Sour cherries are be-still-my-heart beautiful. They almost seem to glow.
Sour cherries are true to their name, flavorwise, and one of the few fresh fruits you typically won't find in grocery stores, due to their delicate constitutions and fleeting availability.
(Fun fact: When exposed to light - even the amount that emanates from a bulb in the refrigerator - pitted sour cherries will discolor or darken. So keep them under opaque wraps.)
The takeaway: You must grab those sour cherries while you can. And just like the hawker says on TV: Supplies are limited. Three of my pints went into a pie; the fourth presented a quandary.
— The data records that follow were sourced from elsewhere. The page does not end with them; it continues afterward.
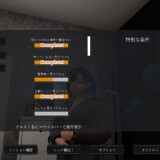 Exhibition-Challenge-Yuumi-chan-Is-Being-Naked-Outside-Not-Allowed-06fbfef8ff190a8306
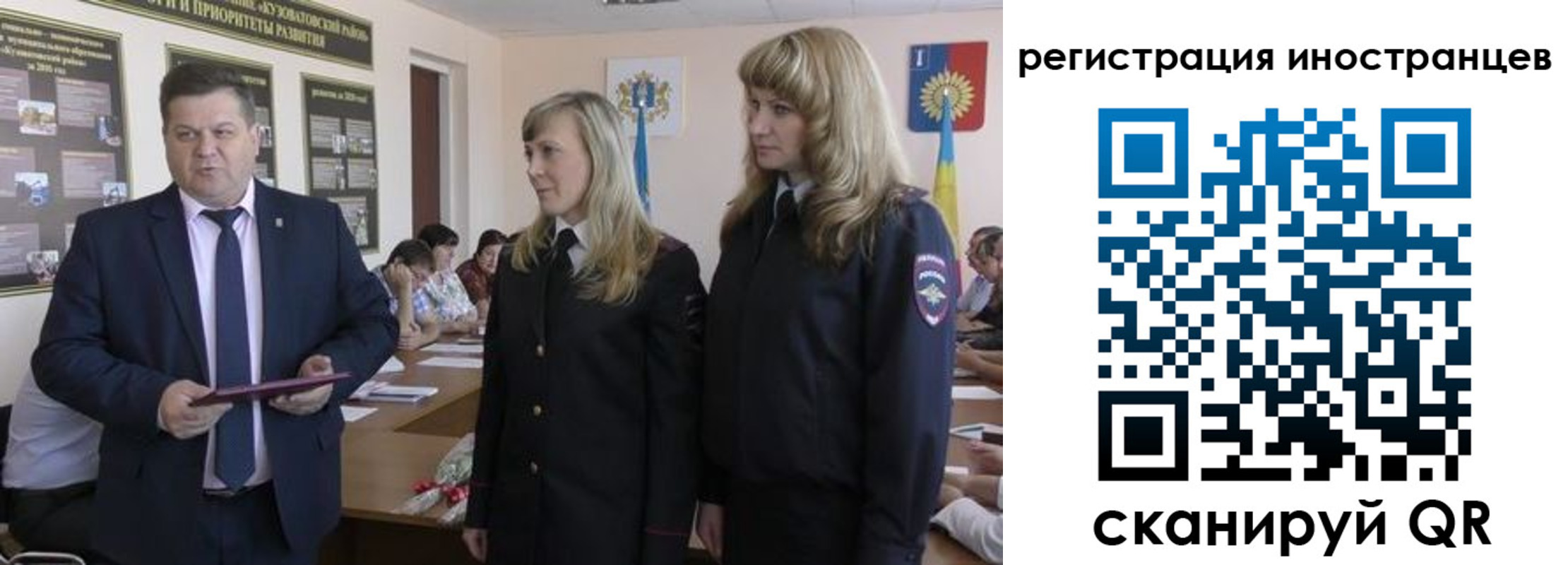 прописка ребенка в Новоалександровске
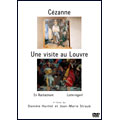 ストローブ=ユイレコレクション V3 セザンヌ/ルーブル美術館訪問 他2篇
Stockpile in the freezer or find the best use for two cups' worth?
I opted for using the last pint right away, seeking advice from three pros.
- Bakery owner Tiffany MacIsaac would make sour cherry crumb bars:
Combine 2 cups pitted, coarsely chopped sour cherries, 1 cup cherry jam, 1/2 cup sugar, 4 teaspoons cornstarch and an optional 2 teaspoons peeled, freshly grated ginger root in a mixing bowl; let it sit while you assemble the crust/crumble.
In another bowl, combine 3 cups flour, 1 cup sugar, 1 teaspoon baking powder, a pinch of salt and the finely grated zest of 2 limes. Quickly work in 16 tablespoons (that's 2 sticks) chilled, unsalted butter cut into cubes, to form a crumbly dough, then add 1 large egg and mix until incorporated.
Grease a quarter-size baking sheet (roughly 9 by 13 inches) with cooking oil spray, then line it with parchment paper. Press half the dough into the pan, then spread the cherry mixture over it. Crumble the remaining dough on top. Bake in a 350-degree oven for 30 to 40 minutes, until golden brown on top. Cool before cutting into 12 3-inch bars.
- Executive pastry chef Alex Levin suggests a riff on cherries jubilee:
Combine 8 tablespoons unsalted butter with 2/3 cup sugar in a saucepan over medium heat until the sugar has dissolved, then add your 2 cups pitted sour cherries along with 2 cups pitted Bing cherries. Reduce the heat to low; cook until the cherries have softened a bit, then stir in 1/3 cup cherry brandy. If you're feeling brave, flambé what's in the pan (bring a lighted match or flame within about an inch of the mixture so it will catch and burn briefly). Serve over ice cream.
- Restaurant owner Christianne Ricchi offers a boozy option as well - ciliegie al brandy, or brandied cherries:
Use a damp paper towel to wipe clean 2 cups of unpitted sour cherries; do not submerge them in water. Cut down the stems to 1/4 inch. Distribute them among several pint jars, then sprinkle in a total of 3/4 cup sugar among them. Insert a short cinnamon stick in each one, add a few whole cloves to each one and an optional vanilla bean in each one. Fill with enough brandy or cognac or vodka or grappa so the fruit is submerged. Seal well, then shake until the sugar has dissolved.
Store in a darkened pantry for about 2 months (the waiting is the hardest part, Ricchi says), shaking each jar a few times during that period to help infuse the flavors. Serve them on their own, or over gelato or spongecake. The sealed jars are good for up to 1 year at room temperature.